TASK STATEMENT: The response consists of the lines from the start of the material below through the line holding "Kit Oficial do", repeated word for word and without pictures.

════════════════════

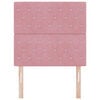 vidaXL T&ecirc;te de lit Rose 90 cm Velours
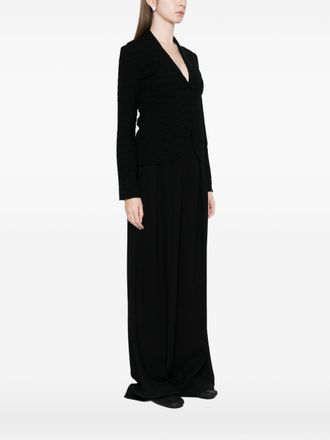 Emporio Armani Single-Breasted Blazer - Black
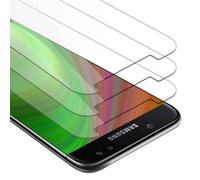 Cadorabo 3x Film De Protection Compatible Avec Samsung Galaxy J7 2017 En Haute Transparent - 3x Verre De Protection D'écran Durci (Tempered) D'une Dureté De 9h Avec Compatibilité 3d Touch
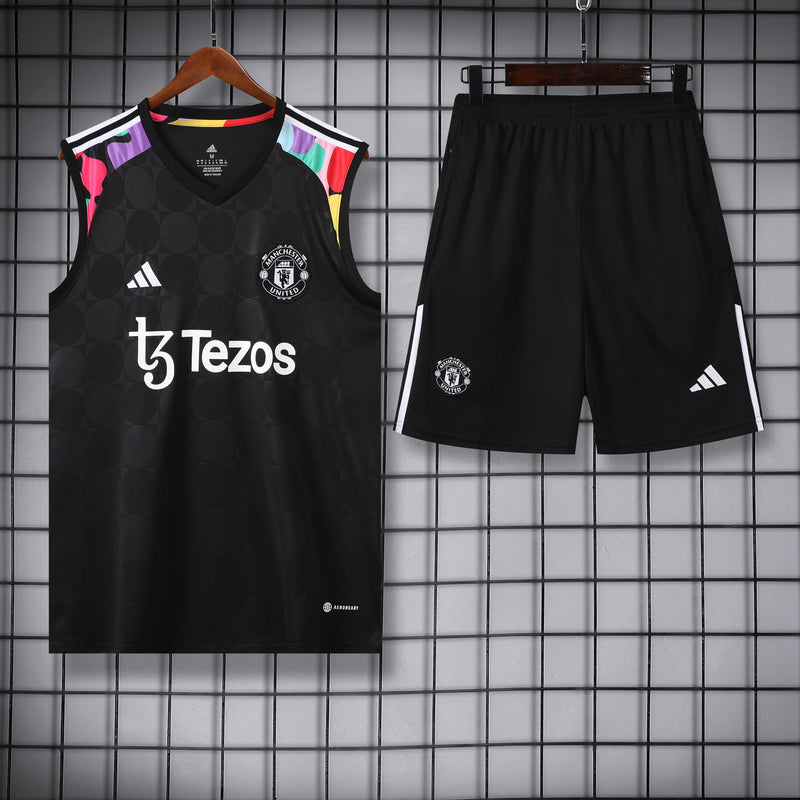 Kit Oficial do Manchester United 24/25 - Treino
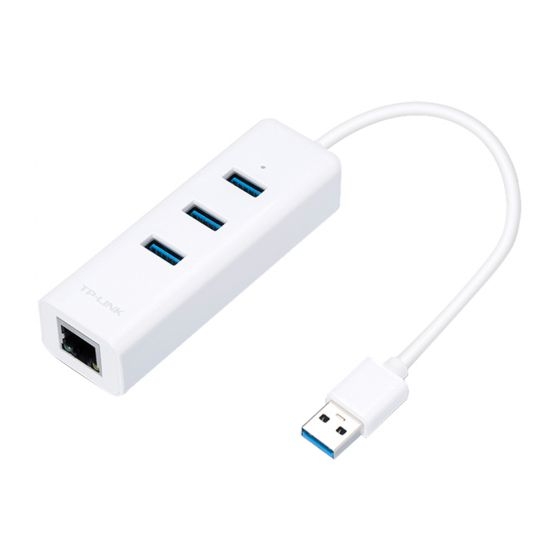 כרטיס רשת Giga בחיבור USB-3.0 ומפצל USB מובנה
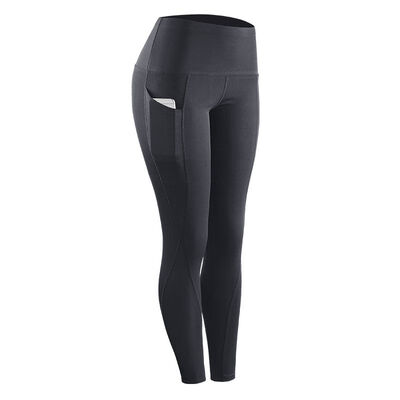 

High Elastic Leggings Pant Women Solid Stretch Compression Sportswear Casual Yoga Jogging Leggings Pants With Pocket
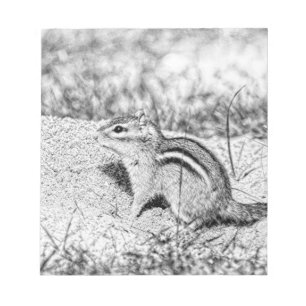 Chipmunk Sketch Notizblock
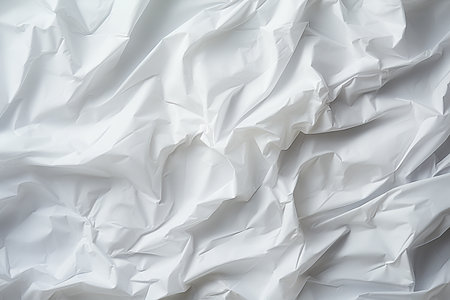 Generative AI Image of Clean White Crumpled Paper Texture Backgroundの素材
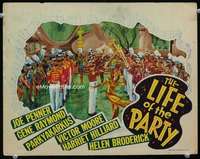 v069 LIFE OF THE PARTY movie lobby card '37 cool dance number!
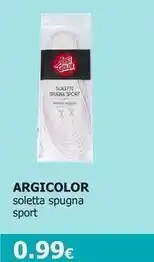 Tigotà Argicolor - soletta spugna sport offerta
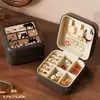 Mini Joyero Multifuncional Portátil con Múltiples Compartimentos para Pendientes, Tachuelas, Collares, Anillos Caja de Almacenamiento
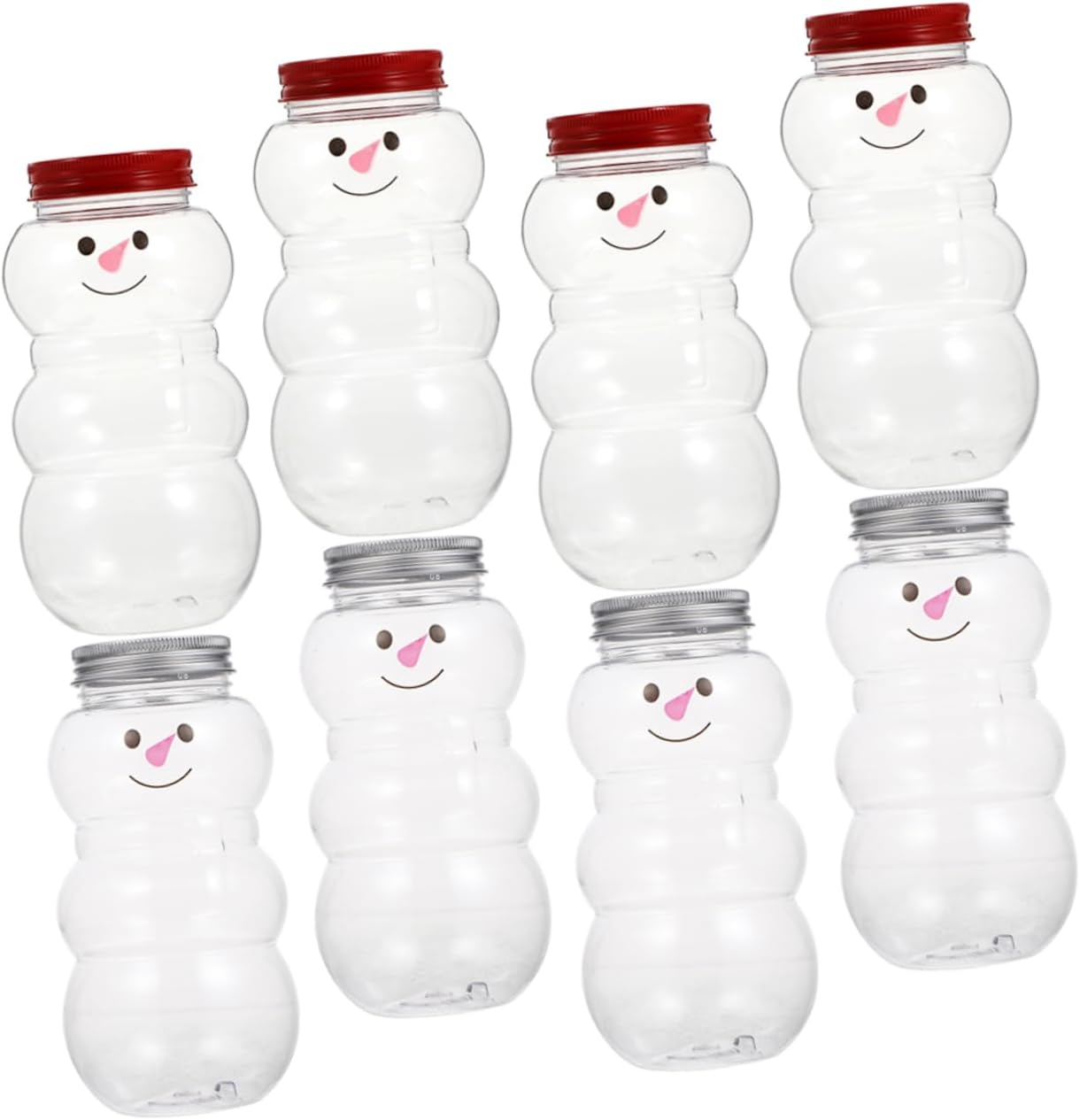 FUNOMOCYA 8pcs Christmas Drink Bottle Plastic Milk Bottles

════════════════════

OUTPUT:
 vidaXL T&ecirc;te de lit Rose 90 cm Velours
 Emporio Armani Single-Breasted Blazer - Black
 Cadorabo 3x Film De Protection Compatible Avec Samsung Galaxy J7 2017 En Haute Transparent - 3x Verre De Protection D'écran Durci (Tempered) D'une Dureté De 9h Avec Compatibilité 3d Touch
 Kit Oficial do Manchester United 24/25 - Treino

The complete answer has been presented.